You can also find past episodes on this blog here.

Migrant workers who work as a domestic worker and caregiver in Taiwan don’t have power to put pressure on the government because they cannot vote. But the employer who employs them does have power. Therefore the government won’t do anything that would make these employers unhappy.

Recommended Reading
  • The Taipei Timesreported on the MOL’s plan to increase the wages of foreign in-home caregivers. Provides details about the proposals as well as some history on wage policy for domestic workers.
  • A day later, the MOL pushed back on reports that the wage increase would occur in July: the same time the minimum wage is set to increase. The MOL has said it plans to enact the proposals at the end of the year.
  • Here’s a 2006 profile of today’s guest.
  • Results from a 2011 Council of Labor Affairs survey that show that more than 85 percent of employers would be willing to pay wages at or above the minimum wage.

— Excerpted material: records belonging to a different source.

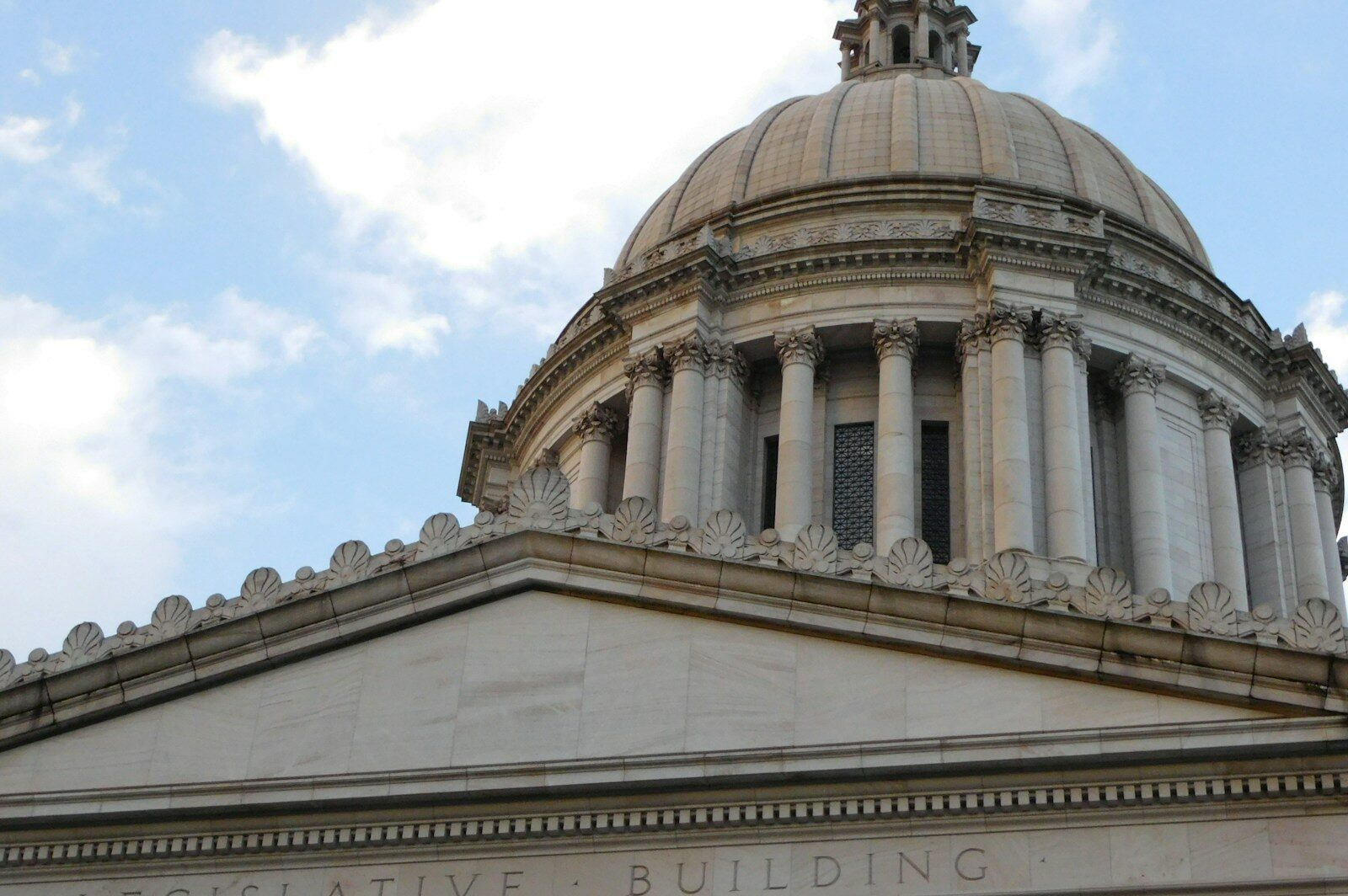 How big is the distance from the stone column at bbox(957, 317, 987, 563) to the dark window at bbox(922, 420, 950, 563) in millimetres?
710

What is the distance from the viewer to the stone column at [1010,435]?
131 ft

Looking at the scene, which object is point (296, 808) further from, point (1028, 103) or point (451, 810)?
point (1028, 103)

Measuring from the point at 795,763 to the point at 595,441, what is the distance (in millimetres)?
30091

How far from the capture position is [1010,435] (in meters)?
41.7

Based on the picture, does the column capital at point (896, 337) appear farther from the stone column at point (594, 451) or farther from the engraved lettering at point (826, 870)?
the engraved lettering at point (826, 870)

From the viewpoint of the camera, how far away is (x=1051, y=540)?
40.4m

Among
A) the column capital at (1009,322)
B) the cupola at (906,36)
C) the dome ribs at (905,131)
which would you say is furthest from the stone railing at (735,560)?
the cupola at (906,36)

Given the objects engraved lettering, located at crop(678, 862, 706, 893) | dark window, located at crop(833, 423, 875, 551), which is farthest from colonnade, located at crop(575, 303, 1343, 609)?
engraved lettering, located at crop(678, 862, 706, 893)

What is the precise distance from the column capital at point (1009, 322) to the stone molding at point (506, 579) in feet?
75.5

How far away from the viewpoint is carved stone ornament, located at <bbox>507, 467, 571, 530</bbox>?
20641 mm

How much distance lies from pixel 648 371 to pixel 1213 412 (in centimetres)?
1355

Critical conclusion: “Officials said the survey showed that if the council proposed including foreign caregivers in the act and therefore having their salaries adjusted in accordance with the minimum wage, it would be widely accepted by most employers of foreign caregivers.”
  • More useful stats from the same survey. Here’s one that gives some data on how much these caregivers are working: “The average daily work hours reached a high of 12.9 for foreign caregivers employed by households, and their average work hours reached as many as 387 per month, as the vast majority of such caregivers were not allowed to take any leaves in the whole month.
  • Indonesian and Filipino workers staged a protest over the wage and work hours issues in February. This article details some of their complaints.
  • This is a little off topic, but here’s an article that paints a vivid picture of some of the challenges faced by migrant brides in Taiwan. It uses a lot of quotes from today’s guest.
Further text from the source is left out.